Lt. Col. R.G. “Beef” Wellington spent the 2009-2010 Operation Deep Freeze season deployed as the 304th Expeditionary Airlift Squadron commander in Christchurch, New Zealand.
1. What is your job, and from what unit are you deployed?
I am Commander of the 304th Expeditionary Airlift Squadron and a C-17A Pilot, deployed from the 62nd Airlift Wing, Joint Base Lewis-McChord, WA. I’m originally from Newton Falls, OH, and have served 20 years in the US Air Force flying the C-141, the RAF VC-10 while on an exchange tour to the United Kingdom, and the C-17 when not on staff assignments. Having spent a lot of time supporting operations in the sand box, it’s a unique honor and challenge to participate in the spectacularly stunning and cold of Operation DEEP FREEZE.

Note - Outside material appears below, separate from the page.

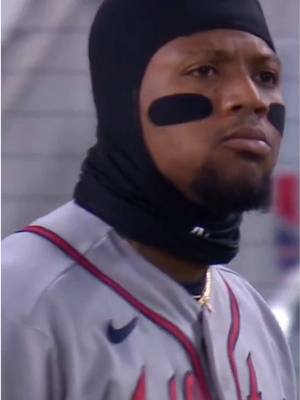 Ronald Acuña Jr. left the game after being hit by a pitch for the second time, then in the bottom of the inning Bryce Elder plunked CJ Abrams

2. How does the extreme environment impact your job?
The harsh environment and rapidly changing weather dictate the pace of our operations, transporting researchers, support personnel, and supplies from the U.S. Antarctic Program logistical hub in Christchurch, New Zealand, to McMurdo Station, Antarctica. The predictably unpredictable weather creates periods of operational lulls and surges, while risk management and contingency planning are key components to mission success. One always has to be prepared for a sudden snow storm, gusty winds, and frigid temperatures. At times, it’s best to cancel or abort the mission and try again another day–Mother Nature doesn’t fool around on Antarctica!
3. What is your favorite part about being in Antarctica?
I fully enjoy working and socializing with all of our international partners that contribute to program success. Specifically, my favorite activity and a source of great interest and satisfaction is speaking with the scientists and learning about their projects as we go back and forth from the continent. Not only is it educational, but it produces a great sense of pride in our contribution to science. I’m very proud to play a role in work that promises to benefit many generations to come.
4. What are some of the unique challenges of living and working in Antarctica that most people wouldn’t think about?
Eyelash icicles!!! Is there a cure or remedy? Regrettably, we do not get to spend much time on the surface. our job is to deliver the goods and people as efficiently as we can and get out before the cold negatively impacts our aircraft systems or a storm blows in, increasing the hazard to flight operations. So, on an average mission, we are only on the ‘ground’ from one to two hours. Even during that limited time, I’m always amazed when icicles form from my eyelashes when I’m not wearing my goggles. Is it just me?
5. Any advice for those east coast U.S. people currently experiencing the “Snowpocalypse”?
If you must go outside and need recommendations on some good quality but slightly used Extreme Cold Weather gear, let me know and good luck!